Studie zur Verteilung des Wohlstands

Soziale Kluft in Deutschland wächst

Reiche besitzen fast zwei Drittel des Volksvermögens / DGB fordert höhere Erbschaftsteuer

München - Die reichsten zehn Prozent der Deutschen besitzen fast zwei Drittel des gesamten Volksvermögens, die ärmste Hälfte dagegen fast nichts. Dies geht aus einer noch unveröffentlichten Studie des Deutschen Instituts für Wirtschaftsforschung hervor, die die sozialen Gegensätze in Deutschland zeigt.
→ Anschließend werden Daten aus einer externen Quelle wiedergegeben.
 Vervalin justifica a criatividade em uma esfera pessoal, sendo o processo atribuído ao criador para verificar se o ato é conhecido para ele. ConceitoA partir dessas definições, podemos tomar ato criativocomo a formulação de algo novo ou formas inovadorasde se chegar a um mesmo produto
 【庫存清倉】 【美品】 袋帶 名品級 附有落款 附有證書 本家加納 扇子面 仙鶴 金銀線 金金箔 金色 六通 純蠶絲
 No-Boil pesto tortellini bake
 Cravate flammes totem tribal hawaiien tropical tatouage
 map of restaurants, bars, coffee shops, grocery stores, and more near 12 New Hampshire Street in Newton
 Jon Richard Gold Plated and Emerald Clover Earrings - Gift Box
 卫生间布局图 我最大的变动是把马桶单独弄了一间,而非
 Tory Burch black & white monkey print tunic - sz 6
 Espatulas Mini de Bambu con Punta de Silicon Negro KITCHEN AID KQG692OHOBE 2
Die Studie des Deutschen Instituts für Wirtschaftsforschung (DIW) bestätigt die Sorgen vieler Bürger, dass die Reichen immer reicher werden, während die große Masse gerade über die Runden kommt. Nach den Berechnungen auf Grundlage des Sozioökonomischen Panels (Soep) verfügen die Deutschen über ein Gesamtvermögen von 5,4 Billionen Euro. Hierzu zählen die individuellen Ersparnisse nach Abzug von Schulden, das Wohneigentum, die Rentenansprüche und die Versicherungen. Auch die Sammlungen von Kunstwerken, Münzen oder Briefmarken haben die DIW-Forscher berücksichtigt.
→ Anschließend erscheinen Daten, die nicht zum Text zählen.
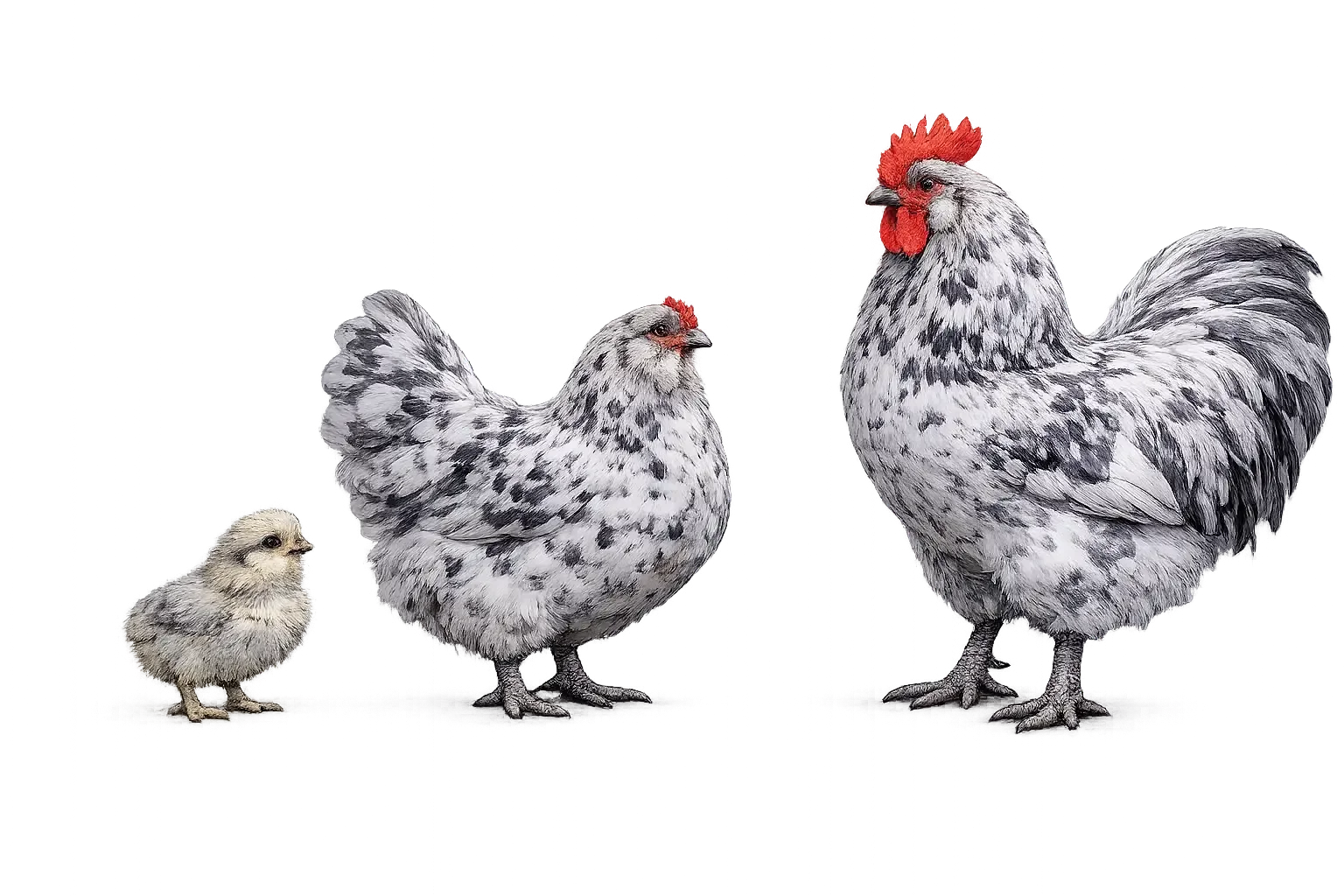 Splash Ameraucana Bantam chicken stages showing chick, hen, and rooster on a transparent background.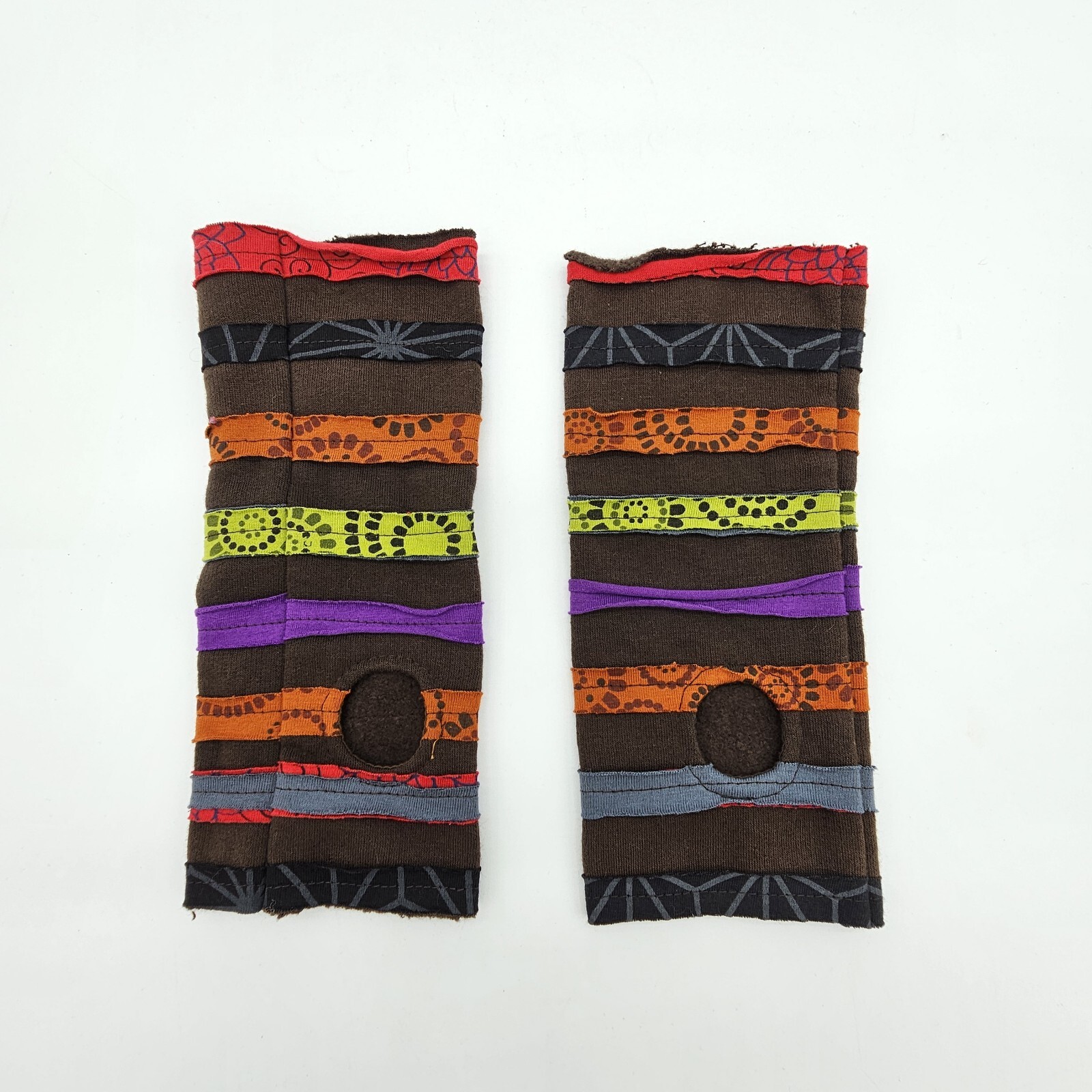 Handmade Patchwork Hobo Beanie Hat Arm Warmer Set… - image 10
Wäre das Vermögen gleich verteilt, besäße jeder Deutsche Sach- und Geldkapital von etwa 81 000 Euro. Tatsächlich besaßen 2002 mehr als die Hälfte der Bürger über 17 Jahren so gut wie nichts. Sie nutzen ihr gesamtes Einkommen für den Konsum oder die Schuldentilgung. Die reichsten zehn Prozent der Deutschen dagegen teilen fast zwei Drittel des Volksvermögens unter sich auf.

Dierk Hirschel, Chefökonom des Deutschen Gewerkschaftsbundes, nennt die Ergebnisse der Studie erstaunlich: "Mit einer solchen Ungleichverteilung hatten wir nicht gerechnet." DGB-Vorstandsmitglied Claus Matecki beklagt, dass die Hälfte der Deutschen gerade genug zum Leben hätte und keine Reserven bilden könne: "Diese Zahlen zeigen: Während eine Minderheit vom goldenen Teller essen kann, leben große Teile der Bevölkerung von der Hand in den Mund."

Die Studie zeigt auch, wie groß die Unterschiede zwischen Ost und West noch immer sind. Das Durchschnittsvermögen eines Westdeutschen ist 2,6 mal höher als das eines Ostdeutschen; Ostdeutsche sind eher verschuldet und besitzen seltener Wohneigentum. Auch Frauen sind benachteiligt. Ihr Kapital ist im Schnitt fast 30 000 Euro niedriger als das von Männern. Besonders gering sind die Ersparnisse von Migranten. Sowohl in den neuen als auch in den alten Bundesländern verfügen sie über weniger als die Hälfte des Durchschnittsvermögens.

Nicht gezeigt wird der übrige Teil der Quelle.